EXERCISE MATERIALS:
◆ ◆ ◆
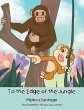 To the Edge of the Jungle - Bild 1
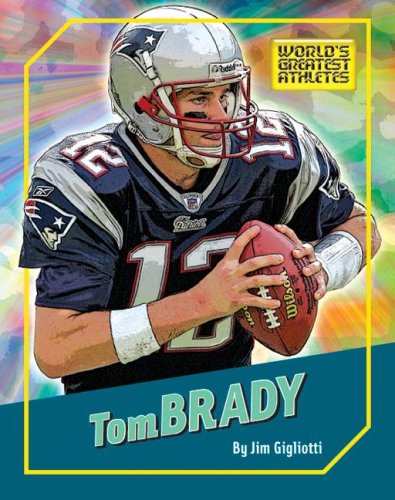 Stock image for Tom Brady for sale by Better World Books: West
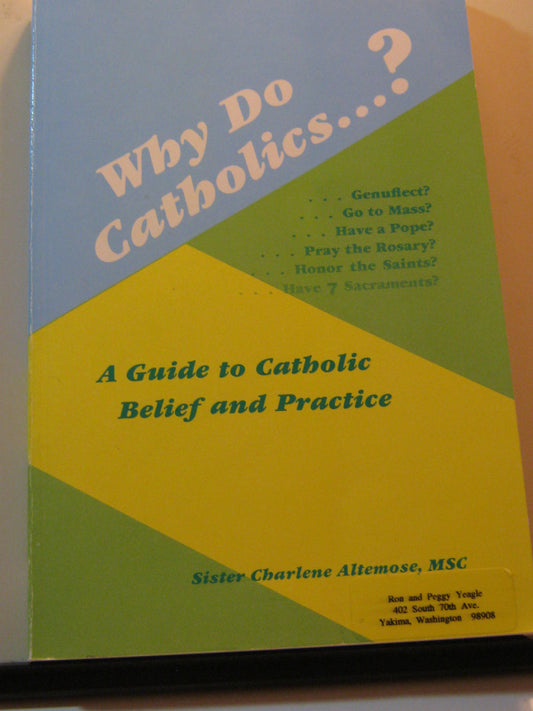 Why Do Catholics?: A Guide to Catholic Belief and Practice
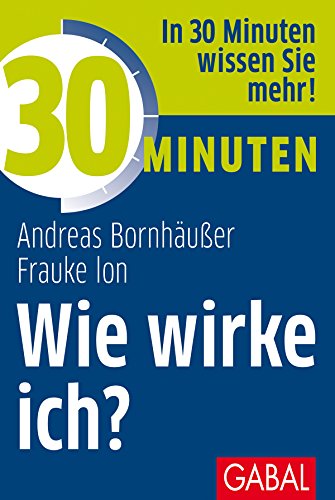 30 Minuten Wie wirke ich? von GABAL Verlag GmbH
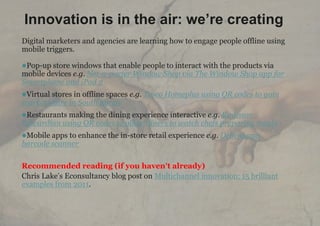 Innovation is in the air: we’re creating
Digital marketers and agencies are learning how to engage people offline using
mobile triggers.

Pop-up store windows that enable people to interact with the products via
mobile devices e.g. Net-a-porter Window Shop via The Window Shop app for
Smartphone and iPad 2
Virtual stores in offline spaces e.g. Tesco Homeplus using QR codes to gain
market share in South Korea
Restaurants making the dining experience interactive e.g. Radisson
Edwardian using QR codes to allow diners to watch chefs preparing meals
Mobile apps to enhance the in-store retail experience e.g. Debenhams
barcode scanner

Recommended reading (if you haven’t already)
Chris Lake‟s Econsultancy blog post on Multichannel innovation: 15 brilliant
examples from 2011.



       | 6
◆ ◆ ◆
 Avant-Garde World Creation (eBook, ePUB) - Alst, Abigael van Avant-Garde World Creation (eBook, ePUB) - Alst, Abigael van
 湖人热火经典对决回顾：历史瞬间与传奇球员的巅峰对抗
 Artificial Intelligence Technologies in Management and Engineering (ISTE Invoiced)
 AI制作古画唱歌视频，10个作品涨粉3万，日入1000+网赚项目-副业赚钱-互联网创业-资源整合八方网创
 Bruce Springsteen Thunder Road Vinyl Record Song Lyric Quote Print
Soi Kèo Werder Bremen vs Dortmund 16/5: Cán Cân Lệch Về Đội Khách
◆ ◆ ◆
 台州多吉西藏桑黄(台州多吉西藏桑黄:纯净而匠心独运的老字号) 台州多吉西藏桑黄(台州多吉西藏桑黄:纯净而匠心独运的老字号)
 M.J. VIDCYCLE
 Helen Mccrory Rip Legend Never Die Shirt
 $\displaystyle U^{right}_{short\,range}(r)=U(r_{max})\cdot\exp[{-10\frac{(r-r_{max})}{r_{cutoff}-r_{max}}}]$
◆ ◆ ◆
WORK INSTRUCTION:
Using the material above, filter for lines holding "people" and copy each one.

RESPONSE TO THE EXERCISE:
Digital marketers and agencies are learning how to engage people offline using
Pop-up store windows that enable people to interact with the products via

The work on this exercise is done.